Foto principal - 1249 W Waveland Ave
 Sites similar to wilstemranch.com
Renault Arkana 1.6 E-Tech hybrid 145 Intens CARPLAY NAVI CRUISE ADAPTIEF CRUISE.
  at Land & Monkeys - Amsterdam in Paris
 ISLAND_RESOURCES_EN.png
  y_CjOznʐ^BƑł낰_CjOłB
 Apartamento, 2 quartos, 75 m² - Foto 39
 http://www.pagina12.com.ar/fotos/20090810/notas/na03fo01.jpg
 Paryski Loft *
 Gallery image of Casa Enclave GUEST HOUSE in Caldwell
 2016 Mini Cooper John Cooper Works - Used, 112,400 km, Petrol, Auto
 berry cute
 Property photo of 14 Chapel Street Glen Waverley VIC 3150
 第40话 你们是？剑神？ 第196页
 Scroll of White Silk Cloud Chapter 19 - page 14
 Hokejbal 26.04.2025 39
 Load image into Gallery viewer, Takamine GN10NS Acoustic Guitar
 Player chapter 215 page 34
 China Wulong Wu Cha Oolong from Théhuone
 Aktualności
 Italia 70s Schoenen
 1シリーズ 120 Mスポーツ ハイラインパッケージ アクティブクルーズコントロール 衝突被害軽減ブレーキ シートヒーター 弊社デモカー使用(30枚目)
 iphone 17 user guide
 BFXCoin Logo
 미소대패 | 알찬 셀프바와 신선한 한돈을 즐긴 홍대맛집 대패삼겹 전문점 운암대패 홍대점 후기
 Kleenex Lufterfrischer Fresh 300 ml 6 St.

◇ ◇ ◇ ◇ ◇ ◇ ◇

### Instructions for the task
Word for word, copy out the entries.

### Answer to this task
Foto principal - 1249 W Waveland Ave
 Sites similar to wilstemranch.com
Renault Arkana 1.6 E-Tech hybrid 145 Intens CARPLAY NAVI CRUISE ADAPTIEF CRUISE.
  at Land & Monkeys - Amsterdam in Paris
 ISLAND_RESOURCES_EN.png
  y_CjOznʐ^BƑł낰_CjOłB
 Apartamento, 2 quartos, 75 m² - Foto 39
 http://www.pagina12.com.ar/fotos/20090810/notas/na03fo01.jpg
 Paryski Loft *
 Gallery image of Casa Enclave GUEST HOUSE in Caldwell
 2016 Mini Cooper John Cooper Works - Used, 112,400 km, Petrol, Auto
 berry cute
 Property photo of 14 Chapel Street Glen Waverley VIC 3150
 第40话 你们是？剑神？ 第196页
 Scroll of White Silk Cloud Chapter 19 - page 14
 Hokejbal 26.04.2025 39
 Load image into Gallery viewer, Takamine GN10NS Acoustic Guitar
 Player chapter 215 page 34
 China Wulong Wu Cha Oolong from Théhuone
 Aktualności
 Italia 70s Schoenen
 1シリーズ 120 Mスポーツ ハイラインパッケージ アクティブクルーズコントロール 衝突被害軽減ブレーキ シートヒーター 弊社デモカー使用(30枚目)
 iphone 17 user guide
 BFXCoin Logo
 미소대패 | 알찬 셀프바와 신선한 한돈을 즐긴 홍대맛집 대패삼겹 전문점 운암대패 홍대점 후기
 Kleenex Lufterfrischer Fresh 300 ml 6 St.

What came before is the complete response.